Goal of the exercise: Search the records for "Womens" and copy each line that holds it.

START Data for this task

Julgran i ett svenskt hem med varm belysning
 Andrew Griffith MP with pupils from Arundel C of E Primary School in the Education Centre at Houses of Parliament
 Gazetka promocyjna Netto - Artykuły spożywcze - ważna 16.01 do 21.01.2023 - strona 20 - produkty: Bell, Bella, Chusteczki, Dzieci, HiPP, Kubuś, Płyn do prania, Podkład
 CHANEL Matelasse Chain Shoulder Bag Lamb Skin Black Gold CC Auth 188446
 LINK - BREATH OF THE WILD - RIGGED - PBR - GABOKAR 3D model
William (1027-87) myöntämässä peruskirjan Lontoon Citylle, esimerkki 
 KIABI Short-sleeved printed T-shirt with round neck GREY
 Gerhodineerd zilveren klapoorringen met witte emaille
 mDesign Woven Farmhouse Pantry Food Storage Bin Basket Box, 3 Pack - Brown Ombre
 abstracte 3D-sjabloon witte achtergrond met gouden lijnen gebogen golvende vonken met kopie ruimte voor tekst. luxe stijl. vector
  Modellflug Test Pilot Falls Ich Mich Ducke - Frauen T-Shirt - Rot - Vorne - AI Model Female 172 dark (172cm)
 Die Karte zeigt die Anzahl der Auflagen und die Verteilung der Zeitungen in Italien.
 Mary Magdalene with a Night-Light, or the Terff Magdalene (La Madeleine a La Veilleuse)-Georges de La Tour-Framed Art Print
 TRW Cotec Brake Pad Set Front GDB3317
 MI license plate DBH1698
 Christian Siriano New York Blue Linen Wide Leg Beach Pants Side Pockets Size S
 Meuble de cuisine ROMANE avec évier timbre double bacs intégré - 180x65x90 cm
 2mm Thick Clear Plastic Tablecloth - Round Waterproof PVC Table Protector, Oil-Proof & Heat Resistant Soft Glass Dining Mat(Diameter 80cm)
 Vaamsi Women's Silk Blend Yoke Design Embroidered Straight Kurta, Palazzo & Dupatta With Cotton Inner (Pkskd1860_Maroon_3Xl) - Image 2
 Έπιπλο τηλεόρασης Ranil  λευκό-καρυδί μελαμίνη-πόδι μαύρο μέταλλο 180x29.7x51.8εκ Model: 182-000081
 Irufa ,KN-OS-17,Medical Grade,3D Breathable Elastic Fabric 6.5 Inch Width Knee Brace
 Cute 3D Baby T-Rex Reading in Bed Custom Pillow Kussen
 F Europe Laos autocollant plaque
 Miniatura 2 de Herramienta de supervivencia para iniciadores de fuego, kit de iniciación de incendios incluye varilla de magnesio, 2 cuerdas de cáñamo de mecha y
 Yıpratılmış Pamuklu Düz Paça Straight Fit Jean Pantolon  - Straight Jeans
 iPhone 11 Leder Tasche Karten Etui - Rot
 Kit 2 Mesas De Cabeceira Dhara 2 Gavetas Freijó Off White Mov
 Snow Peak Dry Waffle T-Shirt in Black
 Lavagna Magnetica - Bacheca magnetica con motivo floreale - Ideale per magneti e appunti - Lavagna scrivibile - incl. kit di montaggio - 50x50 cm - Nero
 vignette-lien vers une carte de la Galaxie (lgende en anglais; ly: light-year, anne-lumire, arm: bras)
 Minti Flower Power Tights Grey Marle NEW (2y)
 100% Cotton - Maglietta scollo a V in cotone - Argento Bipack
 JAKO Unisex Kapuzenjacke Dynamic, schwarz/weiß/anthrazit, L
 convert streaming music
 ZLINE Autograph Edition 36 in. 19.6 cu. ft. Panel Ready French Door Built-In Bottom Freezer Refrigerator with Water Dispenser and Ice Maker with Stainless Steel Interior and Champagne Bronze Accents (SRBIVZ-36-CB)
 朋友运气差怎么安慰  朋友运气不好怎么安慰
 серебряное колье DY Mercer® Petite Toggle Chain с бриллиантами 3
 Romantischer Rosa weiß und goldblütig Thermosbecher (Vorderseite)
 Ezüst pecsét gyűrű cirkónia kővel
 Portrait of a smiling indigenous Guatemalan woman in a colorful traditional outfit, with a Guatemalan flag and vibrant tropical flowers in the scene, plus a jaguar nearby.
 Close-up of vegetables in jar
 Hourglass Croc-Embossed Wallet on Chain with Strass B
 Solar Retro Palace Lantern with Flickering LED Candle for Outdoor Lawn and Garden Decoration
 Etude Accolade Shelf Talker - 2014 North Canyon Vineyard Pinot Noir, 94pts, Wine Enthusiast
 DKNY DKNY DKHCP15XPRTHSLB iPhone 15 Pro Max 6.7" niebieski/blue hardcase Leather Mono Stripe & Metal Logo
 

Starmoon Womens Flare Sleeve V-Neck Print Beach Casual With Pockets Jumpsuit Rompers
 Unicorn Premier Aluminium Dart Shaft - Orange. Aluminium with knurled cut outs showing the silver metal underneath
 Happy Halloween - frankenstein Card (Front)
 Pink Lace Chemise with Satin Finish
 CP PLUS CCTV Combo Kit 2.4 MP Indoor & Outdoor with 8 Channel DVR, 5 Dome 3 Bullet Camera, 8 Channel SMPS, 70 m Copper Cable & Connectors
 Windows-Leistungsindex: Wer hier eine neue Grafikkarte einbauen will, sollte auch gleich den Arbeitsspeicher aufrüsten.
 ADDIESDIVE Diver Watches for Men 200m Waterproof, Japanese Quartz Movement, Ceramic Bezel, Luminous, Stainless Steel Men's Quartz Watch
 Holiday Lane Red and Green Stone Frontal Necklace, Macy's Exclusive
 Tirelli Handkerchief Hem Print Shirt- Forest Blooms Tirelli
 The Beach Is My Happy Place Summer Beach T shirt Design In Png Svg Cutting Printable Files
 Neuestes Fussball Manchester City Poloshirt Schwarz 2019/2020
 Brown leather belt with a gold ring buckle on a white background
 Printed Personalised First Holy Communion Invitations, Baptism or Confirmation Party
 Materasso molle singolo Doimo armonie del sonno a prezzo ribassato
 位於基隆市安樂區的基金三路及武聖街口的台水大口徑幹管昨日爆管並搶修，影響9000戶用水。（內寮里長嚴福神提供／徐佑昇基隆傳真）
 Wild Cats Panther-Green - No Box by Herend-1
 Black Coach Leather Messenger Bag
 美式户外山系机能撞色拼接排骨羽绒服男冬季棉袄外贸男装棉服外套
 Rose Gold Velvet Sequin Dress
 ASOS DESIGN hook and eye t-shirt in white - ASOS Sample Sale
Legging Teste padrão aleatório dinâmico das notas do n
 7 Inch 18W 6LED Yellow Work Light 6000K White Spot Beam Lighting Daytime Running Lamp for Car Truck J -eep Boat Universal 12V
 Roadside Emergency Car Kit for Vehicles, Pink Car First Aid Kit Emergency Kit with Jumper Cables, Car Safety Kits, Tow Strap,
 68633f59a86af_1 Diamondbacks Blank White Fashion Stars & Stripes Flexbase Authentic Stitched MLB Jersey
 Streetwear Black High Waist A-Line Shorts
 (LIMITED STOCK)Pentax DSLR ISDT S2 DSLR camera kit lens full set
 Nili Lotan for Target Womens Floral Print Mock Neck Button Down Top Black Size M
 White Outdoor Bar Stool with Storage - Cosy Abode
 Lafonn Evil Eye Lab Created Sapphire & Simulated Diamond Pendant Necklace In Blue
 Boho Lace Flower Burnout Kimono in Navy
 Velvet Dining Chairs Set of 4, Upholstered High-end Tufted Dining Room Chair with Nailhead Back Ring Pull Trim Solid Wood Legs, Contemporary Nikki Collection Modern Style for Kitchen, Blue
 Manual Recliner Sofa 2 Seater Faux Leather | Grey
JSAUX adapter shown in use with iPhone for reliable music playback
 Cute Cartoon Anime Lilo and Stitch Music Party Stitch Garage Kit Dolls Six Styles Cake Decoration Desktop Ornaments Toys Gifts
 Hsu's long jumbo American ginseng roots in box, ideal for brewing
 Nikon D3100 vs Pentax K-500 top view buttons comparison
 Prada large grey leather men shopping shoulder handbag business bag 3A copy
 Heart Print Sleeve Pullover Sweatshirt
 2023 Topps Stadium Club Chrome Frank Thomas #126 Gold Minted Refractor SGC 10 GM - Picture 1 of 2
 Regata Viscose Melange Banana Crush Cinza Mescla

END Data for this task

Result:
Starmoon Womens Flare Sleeve V-Neck Print Beach Casual With Pockets Jumpsuit Rompers
 Nili Lotan for Target Womens Floral Print Mock Neck Button Down Top Black Size M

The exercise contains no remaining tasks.